In late 2021, a fraudster socially engineered the firm’s customer service representative through a vishing scam to gain access to customer data systems. Despite securing its systems immediately upon discovery of the breach, personal details of 310 customers that comprised email addresses, full names, zip codes, and dates of birth were exposed to possible fraudulent use by criminals. 

10 of these customers were said to have had “more extensive account details revealed,” according to Robinhood, who insisted that social security numbers were secure. Robinhood claimed the hacker attempted to demand an extortion payment for the stolen customer data, but the company notified authorities instead.

The Russian-linked TA505 RAT threat to banks

The Russian TA505 has been around since 2015, evolving and deploying different methods for infiltrating banking systems, initially using spear phishing to deliver RMS Trojans. These malicious campaigns gained access to target financial institutions worldwide using the remote manipulator system (RMS) delivered through phishing emails with weaponized Word documents. 
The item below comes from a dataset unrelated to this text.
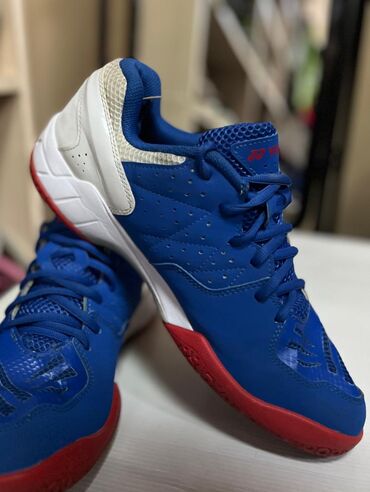 Кроссовки и спортивная обувь: В продаде кроссовки для зала. секонд хенд Сокулук. состояние нового — 16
The harmless-looking Word document would be carrying a Visual Basic for Applications (VBA) macro to download a package from the command and control server and activate the RMS RAT. The use of weaponized Microsoft Office files to deliver VBA macros makes this campaign a slippery one for employees to guard against, and that explains its malevolent success globally. The trick is that once installed on target computers via MS files, the RMS RAT appears as a legitimate app and goes undetected by protection software.